A reduced rate of F-FDG uptake post-NACI and TME-related surface markers on lymphocytes could be optimal predictors for pCR. However, the role of these pCR predictors for NACI remains poorly validated, warranting further investigations. This review focuses on predictive biomarkers for pathological response after NACI in patients with resectable NSCLC.
新辅助化疗免疫疗法(NACI)是可切除非小细胞肺癌(NSCLC)患者的标准治疗方案。尽管据报道NACI后的病理完全缓解(pCR)率超过20%,但尚未确立pCR的最佳预测指标。本综述旨在探讨NACI后pCR的可能预测指标。
我们通过PubMed数据库检索了2018年至2022年间发表的英文研究文章。50项研究被视为相关文章,并对其进行审查以编辑本叙述性综述的信息。

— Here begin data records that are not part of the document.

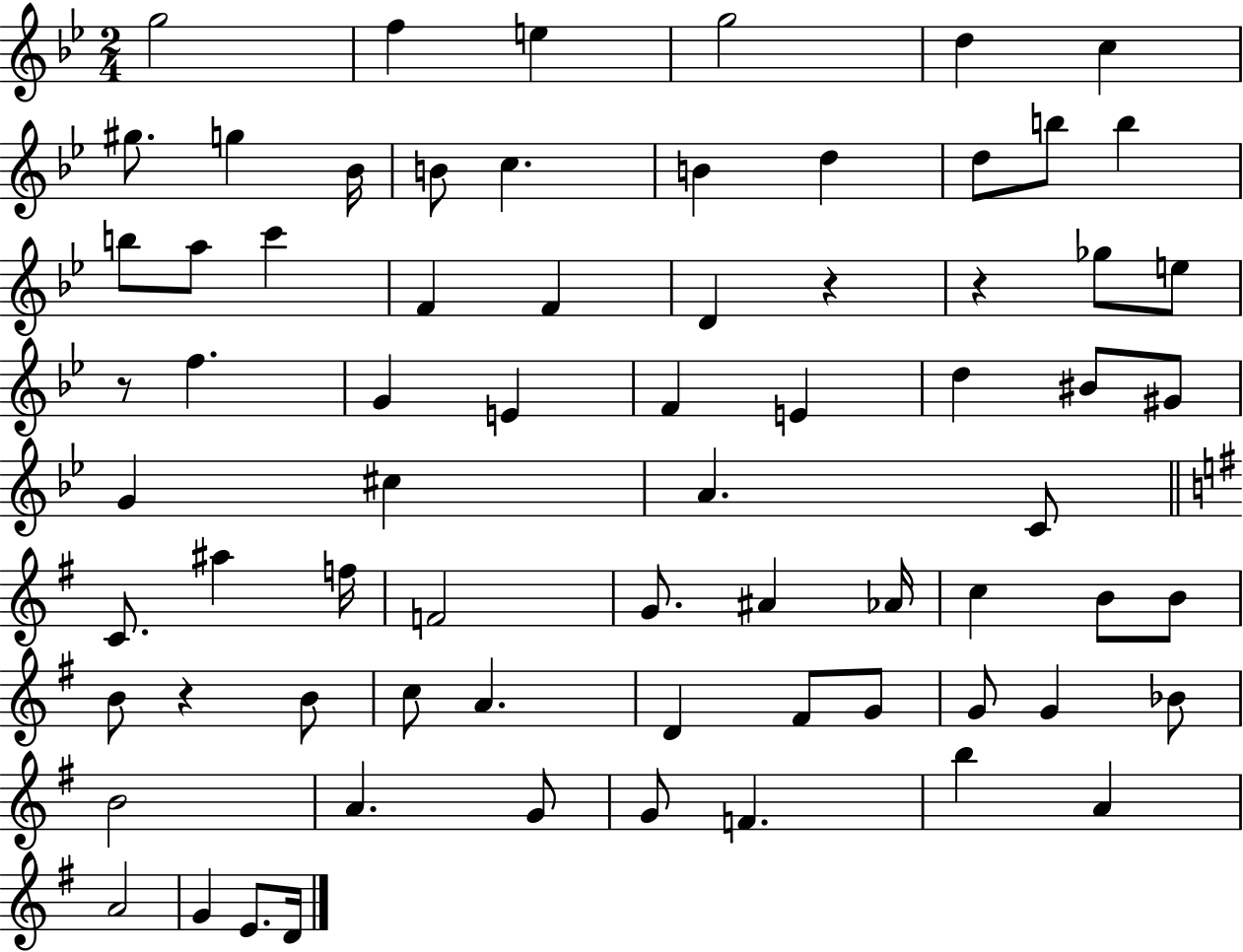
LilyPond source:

{
  \clef treble
  \numericTimeSignature
  \time 2/4
  \key bes \major
  \repeat volta 2 { g''2 | f''4 e''4 | g''2 | d''4 c''4 | \break gis''8. g''4 bes'16 | b'8 c''4. | b'4 d''4 | d''8 b''8 b''4 | \break b''8 a''8 c'''4 | f'4 f'4 | d'4 r4 | r4 ges''8 e''8 | \break r8 f''4. | g'4 e'4 | f'4 e'4 | d''4 bis'8 gis'8 | \break g'4 cis''4 | a'4. c'8 | \bar "||" \break \key e \minor c'8. ais''4 f''16 | f'2 | g'8. ais'4 aes'16 | c''4 b'8 b'8 | \break b'8 r4 b'8 | c''8 a'4. | d'4 fis'8 g'8 | g'8 g'4 bes'8 | \break b'2 | a'4. g'8 | g'8 f'4. | b''4 a'4 | \break a'2 | g'4 e'8. d'16 | } \bar "|."
}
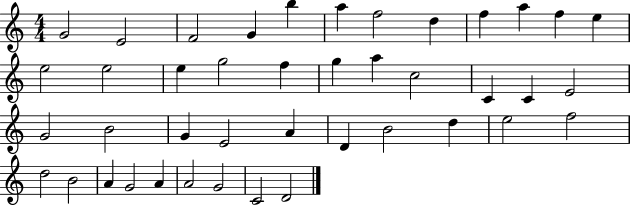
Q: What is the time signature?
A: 4/4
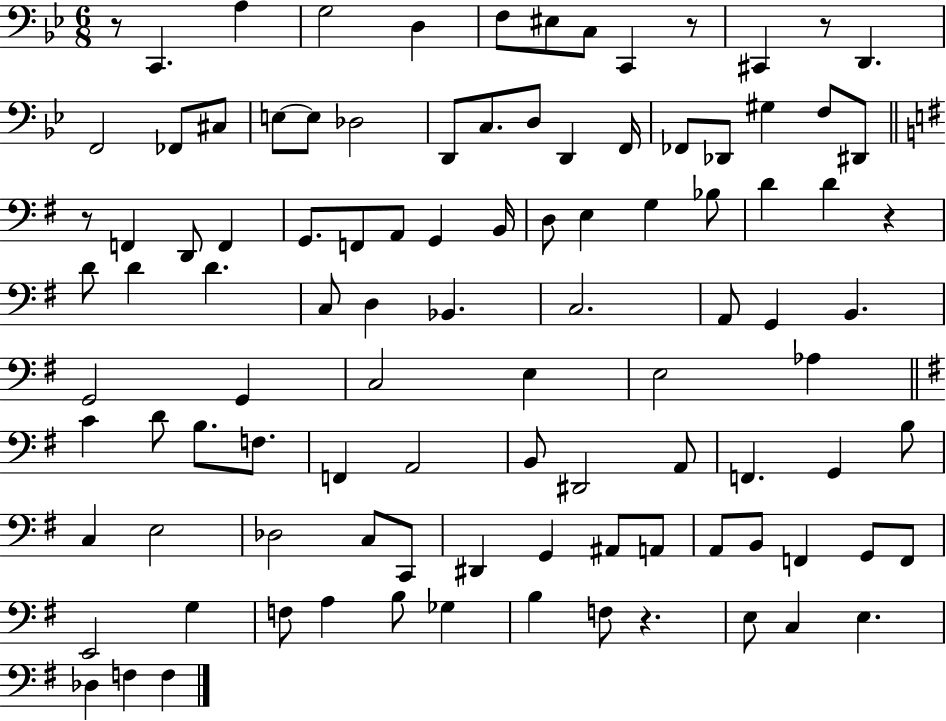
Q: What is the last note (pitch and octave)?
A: F3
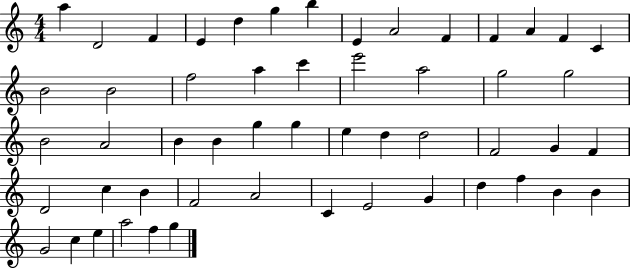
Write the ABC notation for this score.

X:1
T:Untitled
M:4/4
L:1/4
K:C
a D2 F E d g b E A2 F F A F C B2 B2 f2 a c' e'2 a2 g2 g2 B2 A2 B B g g e d d2 F2 G F D2 c B F2 A2 C E2 G d f B B G2 c e a2 f g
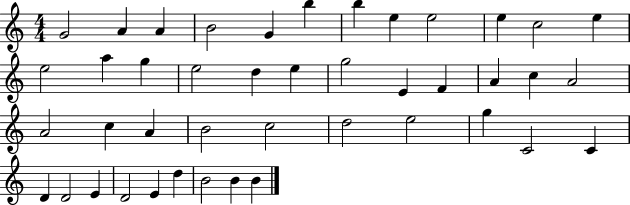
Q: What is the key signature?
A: C major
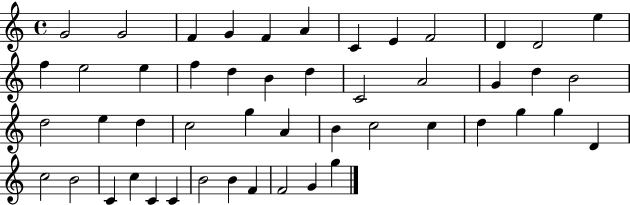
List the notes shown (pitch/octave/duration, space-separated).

G4/h G4/h F4/q G4/q F4/q A4/q C4/q E4/q F4/h D4/q D4/h E5/q F5/q E5/h E5/q F5/q D5/q B4/q D5/q C4/h A4/h G4/q D5/q B4/h D5/h E5/q D5/q C5/h G5/q A4/q B4/q C5/h C5/q D5/q G5/q G5/q D4/q C5/h B4/h C4/q C5/q C4/q C4/q B4/h B4/q F4/q F4/h G4/q G5/q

最近,多项研究探索了NACI后病理反应的潜在生物标志物。例如,对可切除NSCLC患者评估了F-氟脱氧葡萄糖正电子发射断层扫描(F-FDG-PET)成像、肿瘤微环境(TME)、循环肿瘤DNA(ctDNA)等基因改变以及中性粒细胞与淋巴细胞比值(NLR)和吸烟特征等临床标志物,以预测NACI后的病理反应。根据PET反应标准,完全代谢缓解(CMR)对预测pCR的阳性预测值(PPV)为71.4%,NACI后治疗后最大标准化摄取值(SUV)的下降率与主要病理反应(MPR)显著相关。TME作为肿瘤标本中MPR的重要标志物,表现为CD8 T细胞增加,CD3 T细胞或Foxp3 T细胞减少。就血液样本而言,TME表现为CD4PD-1细胞或自然杀伤细胞增加,CD3CD56CTLA4细胞、总T细胞、Th细胞、髓源性抑制细胞(MDSC)或调节性T细胞减少。尽管NACI前ctDNA水平较低以及NACI后ctDNA水平检测不到与生存率显著相关,但ctDNA水平与pCR之间的关系仍不明确。此外,基线NLR高的患者pCR发生率低。重度吸烟(>40包年)有利于预测病理反应。
NACI后F-FDG摄取率降低以及淋巴细胞上与TME相关的表面标志物可能是pCR的最佳预测指标。然而,这些pCR预测指标在NACI中的作用仍未得到充分验证,需要进一步研究。本综述重点关注可切除NSCLC患者NACI后病理反应的预测生物标志物。